Background: The existing methods for quantitative analysis of free corticosteroids require high volume of plasma and laborious extraction processes. Development of ultrafiltration followed by the liquid chromatrography tandem mass spectrometry (LC-MS/MS) method that requires 300 microL of plasma, does not entail any offline extraction and achieves good sensitivity was described.
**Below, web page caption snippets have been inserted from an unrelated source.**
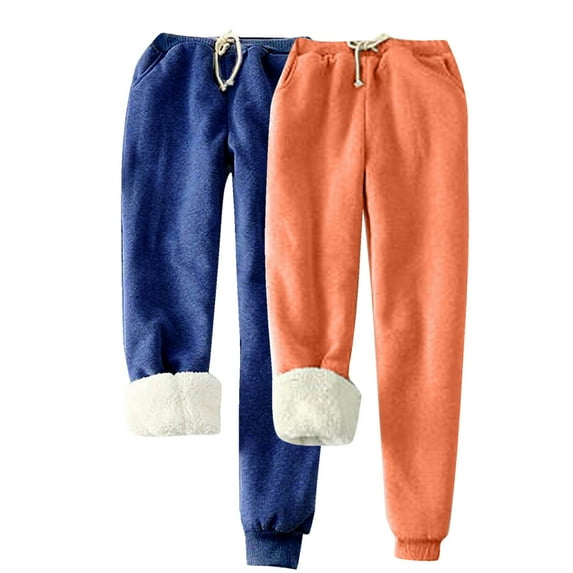 ctdiral Womens Sweatpants 2PC Solid Color Fleece Lined Stretchy Sweatpant Basic Elastic Waisted Drawstring Trousers Winter Warm Sherpa Long Pants Home Wear with Pockets Blue XL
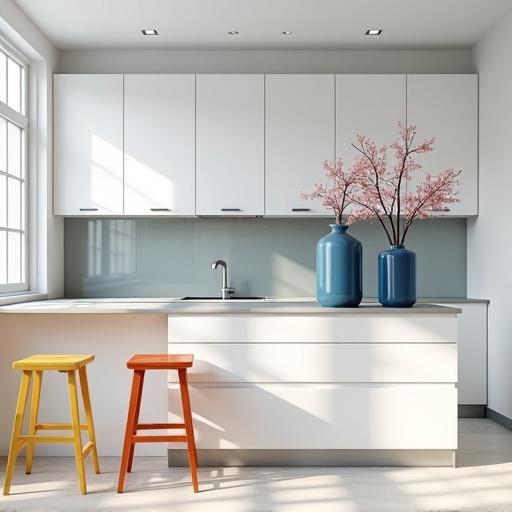 Photo of a modern kitchen with white cabinets and gray countertop. Two blue vases, one taller and one shorter, have cherry blossoms. Two stools, one orange and one yellow, showcase a minimalist design. Bright natural light illuminates the space. Sleek and uncluttered appearance in contemporary style.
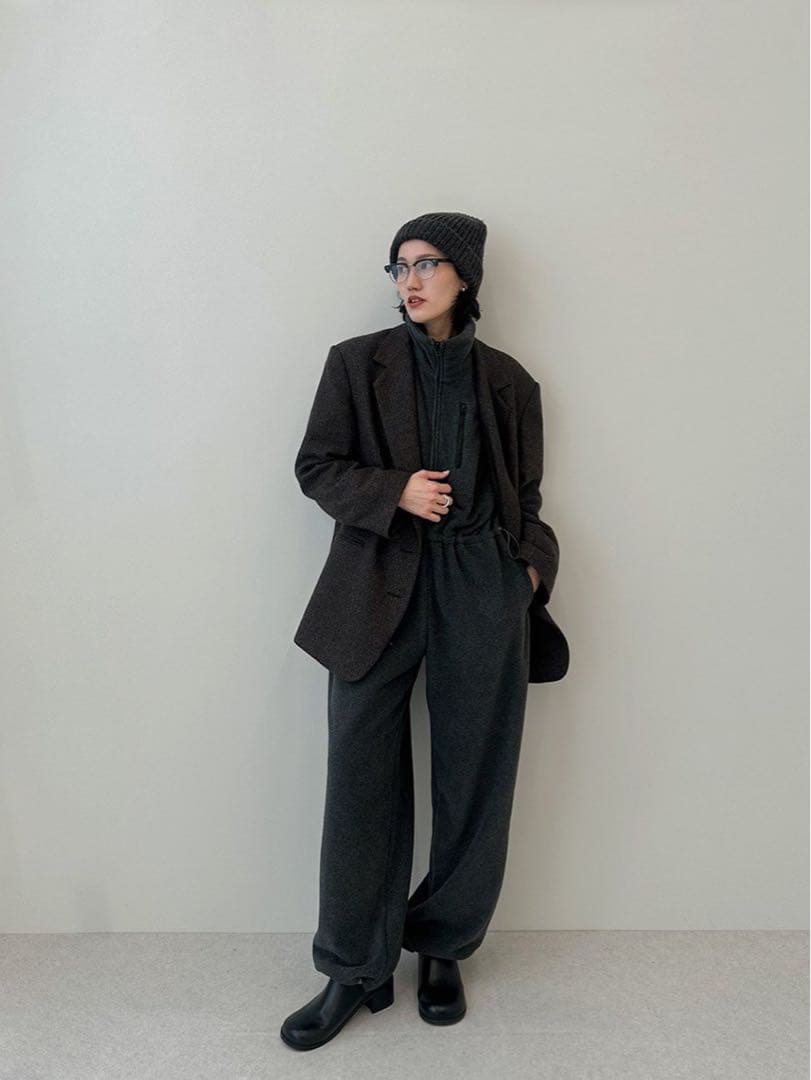 アンヌークHerringbone Wool Jacket ブラウン38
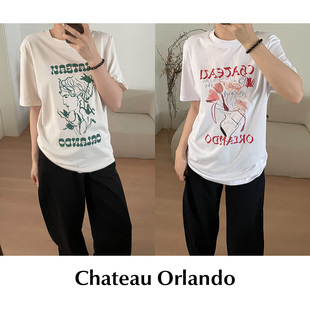 现货 CETTCE SALE T恤上衣 Orlando 圆领印花宽松短袖 Chateau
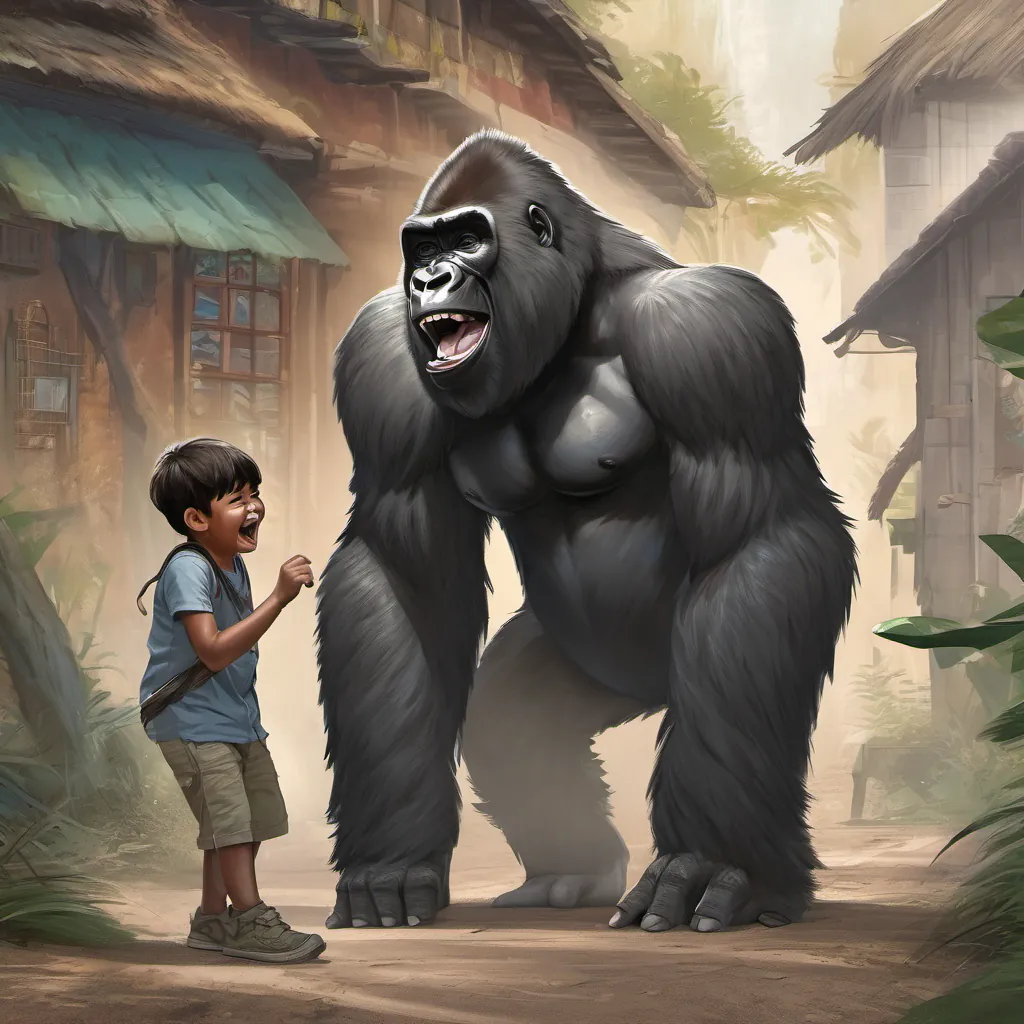 a gorilla laughing with a boy standing beside him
Methods: Unbound corticosteroids were separated by the ultrafiltration of plasma using Microcon centrifugal filter devices (10,000 Dal nominal molecular weight limit). A 30 microL aliquot of the ultrafiltrate was directly injected into a two-dimensional high-performance liquid chromatography clean-up and separation system coupled with API-4000 mass spectrometer. The clean-up was performed on a Strata-X on-line extraction cartridge. A Zorbax-SB Phenyl, Rapid Resolution HT (2.1 x 100 mm) column was employed to chromatographically resolve cortisol and prednisolone from each other, from cortisone and prednisone as well as from interferences found in plasma from stable kidney transplant recipients.
Results: Intra- and inter-run imprecision and inaccuracy within +/-15% were achieved during a three-batch validation for quality control samples at six concentrations in ultrafiltrate from charcoal-stripped plasma and three concentrations from normal plasma, over a 2000-fold dynamic range. The lower limit of quantification was 0.100 ng/mL for all four corticosteroids.
Conclusions: A highly selective, sensitive, simple and robust LC-MS/MS method was developed for the simultaneous quantification of free cortisol, cortisone, prednisolone and prednisone. The performance of the Strata-X on-line extraction cartridge was maintained for over 700 injections. The assay was successfully applied for the analysis of the analytes in over 500 plasma samples from stable kidney transplant recipients.